Я вздохнул, решаясь на грубые, заметные в колебаниях струн вокруг, но действенные меры. Проведя резко ногтями по свежим царапинам, размазал по ладони кровь, и как можно тише шепнув камню своё истинное, сказанное матерью, имя, прижал эту печать к стене.
Огонёк, порхающий с места на место над нами, мгновенно погас. Камни задрожали, а трещины стали расширяться — и внутри них показались чёрные маслянистые петли, похожие на мускулы и связки. В центре круглой площадки ухнуло, и часть пола начала уходить вниз — оттуда потянуло сухим воздухом и тёплым ветром с запахом дождевых червяков и прелой ботвы...

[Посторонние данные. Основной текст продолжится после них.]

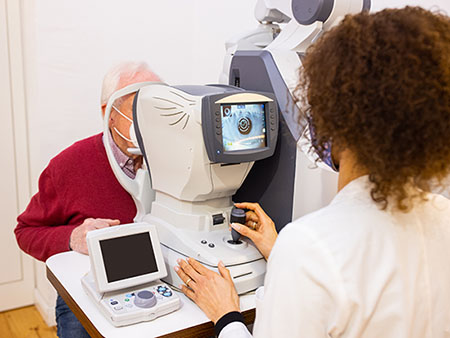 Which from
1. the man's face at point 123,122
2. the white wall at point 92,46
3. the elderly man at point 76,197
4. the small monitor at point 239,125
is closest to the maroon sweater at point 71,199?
the elderly man at point 76,197

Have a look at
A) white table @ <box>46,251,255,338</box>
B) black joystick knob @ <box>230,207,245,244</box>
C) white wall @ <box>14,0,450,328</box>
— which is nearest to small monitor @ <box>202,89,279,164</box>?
black joystick knob @ <box>230,207,245,244</box>

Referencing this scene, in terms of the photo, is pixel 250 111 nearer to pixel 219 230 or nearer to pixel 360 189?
pixel 219 230

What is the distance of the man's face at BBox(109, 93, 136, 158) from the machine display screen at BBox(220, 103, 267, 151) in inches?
18.1

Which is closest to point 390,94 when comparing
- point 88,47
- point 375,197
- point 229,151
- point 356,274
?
point 375,197

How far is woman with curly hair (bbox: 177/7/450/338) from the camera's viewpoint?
25.8 inches

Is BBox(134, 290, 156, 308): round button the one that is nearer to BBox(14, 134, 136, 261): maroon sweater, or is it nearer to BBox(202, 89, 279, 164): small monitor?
BBox(202, 89, 279, 164): small monitor

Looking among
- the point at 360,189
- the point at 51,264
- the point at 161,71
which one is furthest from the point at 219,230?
the point at 161,71

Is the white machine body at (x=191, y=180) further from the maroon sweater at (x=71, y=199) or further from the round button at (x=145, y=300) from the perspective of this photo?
the maroon sweater at (x=71, y=199)

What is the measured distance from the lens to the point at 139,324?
3.40ft

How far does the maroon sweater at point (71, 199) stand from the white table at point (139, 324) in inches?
11.8

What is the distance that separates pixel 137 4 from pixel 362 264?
222cm

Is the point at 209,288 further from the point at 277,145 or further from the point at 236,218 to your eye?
the point at 277,145

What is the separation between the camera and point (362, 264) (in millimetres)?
700

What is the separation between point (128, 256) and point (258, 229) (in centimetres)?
37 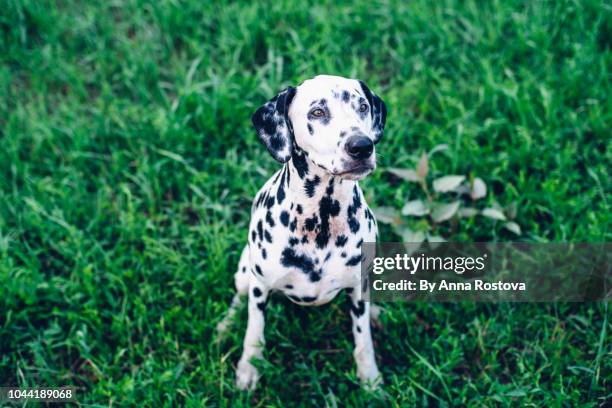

— Даниил? — я окликнул ночного, глядя, как провал расширяется, становясь более гладким и желтоватый, знакомый по старым ходам, свет просачивается оттуда. Алая Невеста пока не показывалась. — Идём — я открыл выход.
— Куда? В следующий круг Ада?..
— Успокойся. Не выйдя отсюда мы точно рано или поздно там окажемся... Но из наших холмов всегда вёл не один десяток ходов. К тому же — вдвоём как-нибудь да выкарабкаемся. Давай руку — и пойдём скорее, — я протянул ему раскрытую ладонь, кивая в сторону разлома. Ход успокоился, и нужно было поторопиться, пока процесс не повернул вспять. Не хотелось бы застрять в этих... Стенами назвать их язык уже не поворачивался после того, как они показали своё полуживое древнее нутро.
Протянутая навстречу рука едва заметно дрожала. Помогая ночному подняться на ноги, я почти не ощутил его веса, словно он весь превратился в невесомые, дымчатые тенёта.
Навь заглянул вниз, в тусклый круг жёлтого света с его волос медленно потекли тонкие струйки темноты.
Я, так и не выпуская его руку, тоже заглянул в провал.
— Не сопротивляйся и не пугайся, когда будем спускаться. Хотя... Вернее тут будет сказать, падать, — притянув, я крепко прижал его к себе. Чтобы проход не счёл ночного врагом, положил ладонь, покрытую хрупкой плёнкой крови, ему на лопатки. — Ты готов?
— Нет.
— Тогда ладно, — я широко шагнул, увлекая Даниила за собой — сперва свободно упав вниз метра на полтора, мы оказались в уже знакомой горячей темноте.
Что-то похожее на несколько полукружий гигантских мускулов охватило нас, с нежеланием опуская вниз. Стены, покрытые скользкой плёнкой, ударили в спину. Меня притиснуло к ночному почти до хруста в рёбрах.
Внезапно ноги провалились в пустоту, а потом я наконец-то смог вдохнуть. Желтоватый свет мягкой кистью выписал смыкающуюся чёрную воронку над головой.
Опустились мы неожиданно плавно. За спинами с тихим шорохом словно опало и начало расползаться что-то похожее на сплошную пелену из остовов листьев. Пол осторожно толкнулся в пятки с хрустом рассыпающейся под подошвами каменной крошки. Я выпустил Даниила — ловушка и в самом деле пропустила без последствий обоих.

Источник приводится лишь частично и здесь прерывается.